Laurie has been collecting Japanese porcelain for years, and more recently, Chinese jade. I look at everything, enjoying the glimpses into an older, sometimes comforting, sometimes strange and foreign world. I learn something new at every fair.
Yesterday, Saturday, we bought several good jade carvings; mythical beasts, a dancing shaman/cricket, a sensitive father/son portrait. And in the Baker's Dozen Antiques stand, I found this ghostly mask:
Fine wire mesh mask with painted features, copper trim, and cloth ties to hold it in place. |
Red, well-shaped lips, and a wavy mustache. The nose is a mere crease in the mesh. |
The mesh is so fine that the mask allows the back of the child's chair and the face of the painting behind that to show through. Only the eyes and mouth mark the character it portrays.
I'd never seen anything like this before, so I had to research it when I got home. It is an Oddfellows mask from the end of the 19th century.
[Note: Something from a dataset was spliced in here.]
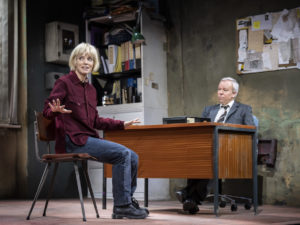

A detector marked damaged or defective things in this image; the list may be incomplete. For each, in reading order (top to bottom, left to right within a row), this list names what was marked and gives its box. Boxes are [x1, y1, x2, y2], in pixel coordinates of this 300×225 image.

peeling paint wall [165, 0, 300, 206]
They used these in their initiation ceremonies; every member except the newcomer wore a mask, although he was blindfolded, so the masks were not meant as disguises. Some descriptions of the ritual - dunking him in water, rolling him in the shrubbery, rattling chains at him - sound as if it were mostly horseplay, maybe a spoof of more serious rituals from other societies.
Here are a few photos of similar masks.
Close-up of the eyes. I moved the mask away from the painting. The "headband" is the edge of the chair seat. |
I didn't buy this, although I was tempted. After a pep talk I had given Laurie on the way there, about not buying anything if we didn't have a place to display it, I felt silly about suggesting it, even. Now I sort of wish I had; I think I know where I would have hung it.
It had been cold and windy, with a bit of rain when we went back to the car to get our lunch. But when we left in the afternoon, the sun was bright and warm. The residential district we crossed on our way back to the bridge was lined with trees in full bloom, mostly cherry and star magnolias. I stopped so we could take a few photos.
Pink star magnolia. |
Pink and white. |
Laurie's favourite. Cherry, magnolia, and feathery branches blowing in the wind. What is that tree? |
In the lawn underneath a magnolia, tiny blue flowers, Veronica, I think, nestled in the grass. |
At home, I parked the car, yawned, stretched and groaned. Oh, my back! And then we said, almost in unison, "A very good day!"
Congrats on your wonderful finds. Love the flowering trees. Just Beautiful!
ReplyDeletethat mask was neat. i hate it when the practical side wins out and then later you wish it hadn't. :)
ReplyDeletei like that wispy tree. must be some sort of willow.
lovely post. That Magnolia is just so beautiful
ReplyDeleteThanks, all. Texwisgirl, Laurie says it's probably an exotic willow, too. That area of town is heavily landscaped, and most plants are from nurseries, and many are non-native.